We work with an MRC-accredited buy-side mobile ad server to ensure that advertisers only pay for delivered impressions, dramatically reducing media wastage.

But that’s only a first step. As an industry, we also need further changes. We welcome the IAB’s LEAN standards as a guide to best practice. However, the fundamental change must come from creative. Creative agencies (and our whole industry) need to learn to celebrate the huge value of building great smaller-format creative.

Publishers have a key role here. They should demand better creative from advertisers. Being known as the "channel that has the best ads on board" will not only discourage ad-blocking but also encourage user engagement.

They also need to make the case for advertising to their users. Publishers need to be much more transparent about how ads fund content. Content isn’t free – someone has to pay and most of us would rather it was advertisers.

Ultimately, we should embrace the opportunity to think smarter and create better mobile campaigns. Let’s think outside the 320x50 box and build messages that consumers don’t want to block.


As the trade body for digital advertising, addressing ad-blocking has been one of our highest priorities this year.

If you were at IAB Engage last week, you will have seen the announcement of the LEAN ad standards.

A direct output of the collaboration between national IABs at our recent global summit in New York, they are aimed at improving the online user experience and addressing the main cause of ad-blocking.

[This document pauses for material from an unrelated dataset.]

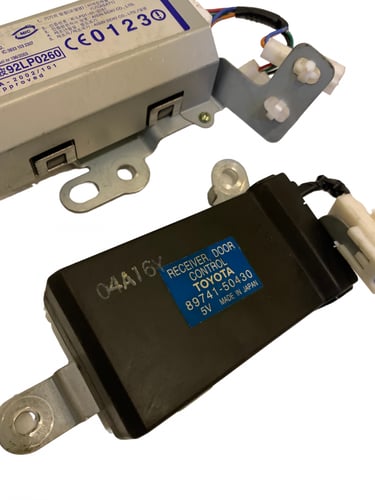 لاقط مفتاح الشنطة لكزس430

Since creating an informal Ad Blocking Working Group made up of about 15 IAB members (predominantly publishers) in March, we’ve been educating our members through forums and engaging with companies such as Adblock Plus and Shine.

IAB UK has been scrutinising the efforts of other territories such as Germany and the US and identifying what will and won’t work, taking these lessons and integrating them into the presentations we give regularly to members.

In August, IAB UK released five statements clarifying our position on the biggest issues facing digital advertising. One is how IAB believes in an ad-funded internet and works with our members to achieve this. We are able to draw on our extensive member base and include everyone in those conversations.

Moving forward, we’re holding an ad-blocking seminar on 26 October with speakers from PageFair, Sourcepoint, Yavli and Secret Media. At our video conference in November, we will have Adblock Plus and Shine in attendance, participating in an ad-blocking debate.

We’ll continue the hard work, educating members and engaging ad-blocking companies in our discussions to arrive at a practical way to reduce the impact of ad-blocking on our industry.